Unlock advanced data testing capabilities with this Dataform package, offering a comprehensive and common suite of assertions designed for testing various facets of your warehouse data, including data freshness, unique keys, row conditions, data completeness and referential integrity.
Your contributions are highly encouraged – whether you have an innovative assertion idea or wish to enhance the existing ones, feel free to open an issue or submit a pull request to enrich the Dataform community.
Data testing is a crucial part of the data engineering process, ensuring that the data is accurate, reliable, and consistent.

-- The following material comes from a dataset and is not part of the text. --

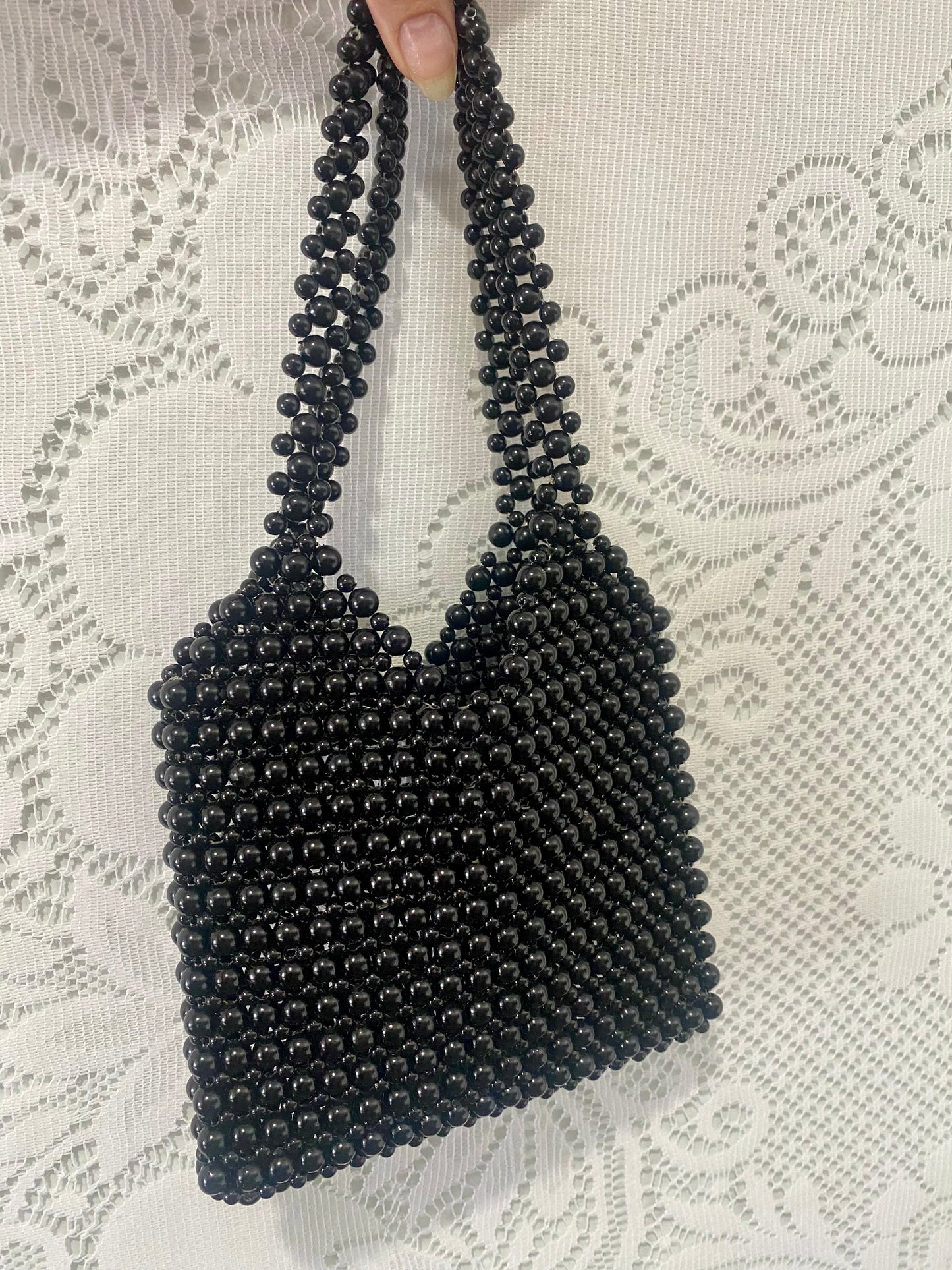 Black beaded mini purse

Dataform provides a powerful framework for data testing, allowing you to write SQL-based assertions to validate your data. However, writing these assertions can be time-consuming and error-prone, especially when you need to test the same conditions across multiple tables.
This package aims to provide a common suite of assertions that can be easily reused across multiple projects, saving you time and effort. It includes a variety of assertions to test different facets of your data.

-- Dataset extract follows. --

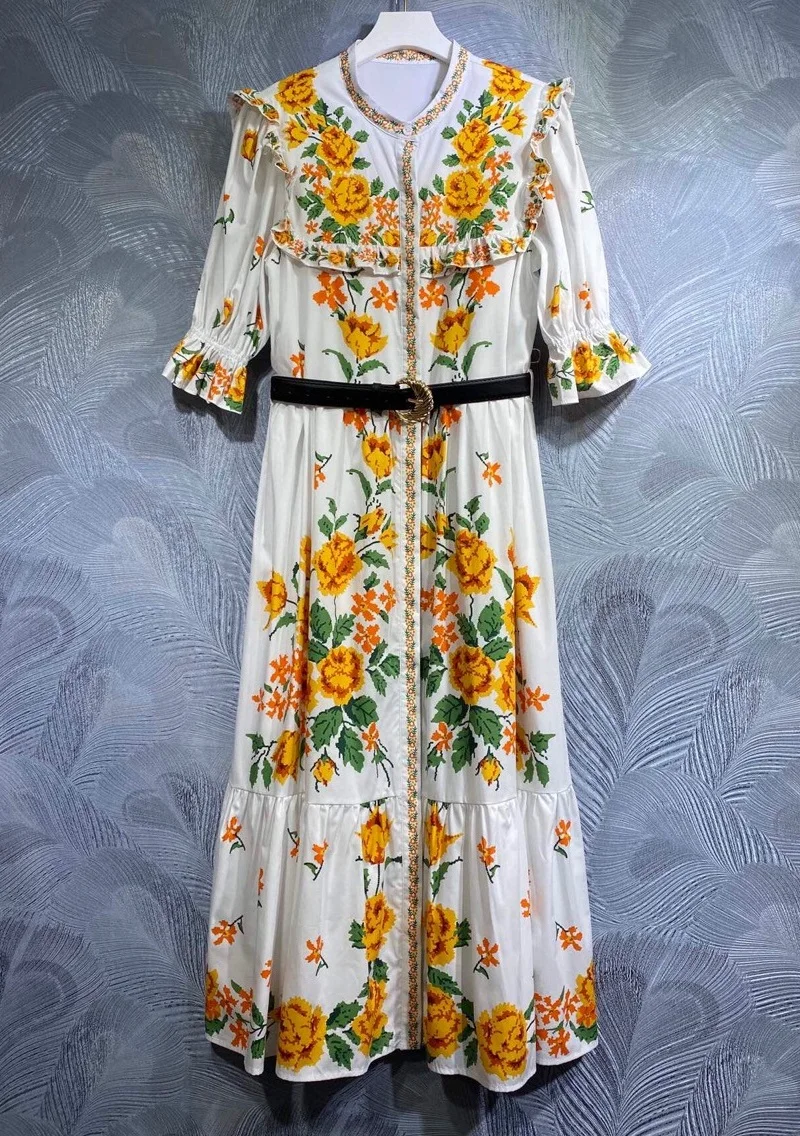 

100%Cotton Long Dress 2023 Summer Style Ladies Exquisite Floral Prints Belt Deco Half Sleeve Casual Long White Blue Maxi Dress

Follow the instructions in the Dataform documentation to install this package. Here is a quick summary:
- In the
package.json
file dependencies, add the following line:
"dataform-assertions": "https://github.com/devoteamgcloud/dataform-assertions/archive/refs/tags/[RELEASE_VERSION].tar.gz"
- Click on
Install packages
in the Dataform web UI or use thedataform install
CLI command in the terminal. - You are ready to go!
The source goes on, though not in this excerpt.